Let’s hope that the Virginia State Police obtain the evidence needed to initiate a prosecution. Sexual killers typically go through a cooling-off period. Once they taste blood, however, their fantasies continue until the urge returns to strike again. Notoriety aside, this is precisely why the crime lab should give the investigation of Morgan Harrington’s death top priority.


Steven Spingola is a retired Milwaukee Police Department homicide detective and the author of The Killer in Our Midst: the Case of Milwaukee’s North Side Strangler.

Copyright, Steven Spingola, Wales, WI, 2010

9 Responses

  1. sharon popplewell

    I’ve not heard that Morgan’s belongings were found in a trash can. (?) Otherwise, I think your scenario of the events as they probably unfolded to be solid and logical.

    March 16, 2010 at 2:47 pm

  2. Steve Spingola

    Sharon, I don’t have my notes in front of me. However, I recall reading that Morgan’s cellular telephone was recovered from a garbage can and the battery for the phone was dislodged. Thanks for passing your comments along.

    March 16, 2010 at 10:46 pm

  3. Meri

    Great article. Myself, I’ve wondered if Morgan was taken to a location and kept there until a later time in the night. This allows the perp(s) to return to the concert for whatever reason and to pick up where he left off when he/she returns. Giving the perp ample time to dispose of the body at dawn or to place her in a nearby culvert to be moved at a later date. For all we know items with potential evidence could have been hidden nearby.
    It would not surprise me if Morgan fought a good fight for her life and marked this person as a constant reminder of what he has done.

    March 17, 2010 at 3:48 pm

  4. duannah

    According to a report by UVA police, the purse was found by a jogger the following morning. Also, LE continues to tell the public there were no surveillance videos with Morgan on them. Another girl who looked very much like Morgan was found to be in most of the videos posted by other concert goers.

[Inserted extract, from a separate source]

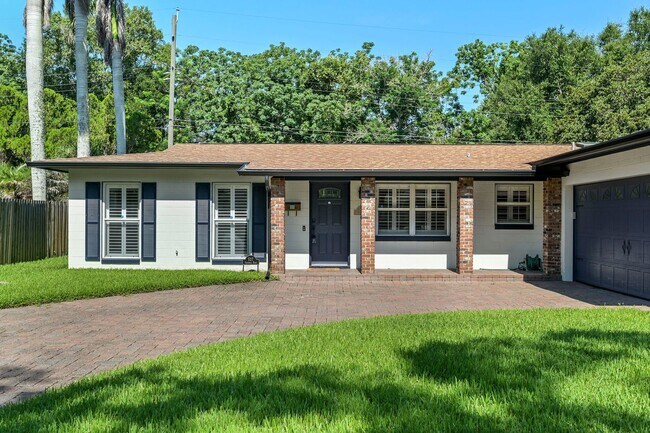Foto del edificio - Renovated Winter Park Pines Home for Lease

Did you get your information that surveillance videos captured Morgan outside JPJA from the police?

    March 23, 2010 at 5:05 pm

  5. Steve Spingola


    My information came from the media reports, although I have heard from an individual who claims to have seen video of Morgan. Unfortunately, I’ve been unable to corroborate this information. In my opinion, the cellular phone records may play a critical role.

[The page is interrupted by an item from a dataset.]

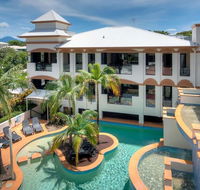 REGAL 32 APARTMENT - SPA BATH - Macrossan St - Accommodation Daintree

    March 24, 2010 at 2:31 am

  6. Ray

    Seems more likely that she dropped her phone and purse in the parking lot before she was trying to hitch a ride. It would also seem likely that if the killer new of a safe spot to park his vehicle while accessing the dump site he probably has hunted on that land in the past. maybe even jacked deer at night. Also it seems that the killer new a particular place in the field that did not get hayed. He probably was reluctant to hide the body in the woods because another hunter might stumble upon it.
    Also if he was used to carrying deer out of the woods than carying a body would not be a big to him.
    I’m wondering how many sexual killers are also hunters. Is deer hunting a typical hobby for a sexual killer?

    March 30, 2010 at 5:15 am

  7. Mary

    I think Ray is assuming too much. Fox reported that her phone or purse was found in the trash. Sounds to me like whoever took her wanted to toss the police of the scent and deposited the personal belongings after the fact. Her cell phone battery was dislodged. Unknown if the suspect did it or something else happened. I think Ray’s theory on the dump site also makes too many assumptions. He probably knew the area. The suspect could have dumped the body in the grass instead of the woods because the grass was closer to the road in the subdivision. Who said ANYTHING about the suspect being a hunter?

    March 30, 2010 at 10:50 am

  8. cassidy collins

    He’s right about her locations around the arena. But, the locations didn’t come from surveillance, according to media releases. Witnesses put her in these places. I too, think he/they returned to her later for disposal.